Comme nous l’avons déjà dit, rassembler les mémoires en récoltant les écrits dispersés de part le monde, les référencer quels que soient leurs supports et leurs auteurs.
Créer un réseau de traducteurs afin de faciliter les échanges d’une langue à l’autre.
Faire circuler les informations sur le web grâce à ce site en parallèle avec la mise en place d’un centre de documentation/librairie physique dès que possible.

Qui ?

Moi, vous, eux et elles.
Toute personne, individu, collectivité, association, ayant compris et perçu que le monde déséquilibré par une gestion trop agressive et virile ne peut survivre très longtemps dans les conditions actuelles.
Tout auteur sensible à une recherche d’une certaine gestion harmonieuse de la planète.
Toute personne ayant un discours altruiste et capable de proposer une solution positive aux problèmes auxquels nous sommes tous confrontés, évoluant dans une vision futuriste positive.
Bien sûr l’intitulé du site présuppose que nous collecterons avant tout les œuvres de femmes, mais comme nous ne saurions prétendre que seules les femmes se préoccupent d’elles-mêmes et encore moins du rééquilibrage matériel et spirituel de notre bienfaisante planète, que nous ne pouvons non plus rejeter l’autre partie de l’humanité qui a sa part dans ce rééquilibrage, certains des ouvrages proposés auront pour auteur des hommes.

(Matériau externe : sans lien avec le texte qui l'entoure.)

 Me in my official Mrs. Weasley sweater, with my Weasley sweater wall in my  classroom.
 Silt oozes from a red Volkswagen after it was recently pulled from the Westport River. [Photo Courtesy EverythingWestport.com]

L’intérêt ici n’étant pas de faire de la discrimination.
Rajoutons que chaque ouvrage proposé aura été lu par l’autrice de ce site, Sylhouahe5, qui prétend ne pas faire du bête business (pas uniquement en tous cas), mais essentiellement la promotion de livres vivants en résonance avec sa sensibilité (la mienne, puisque nous ne faisons qu’une…) et qui font sens.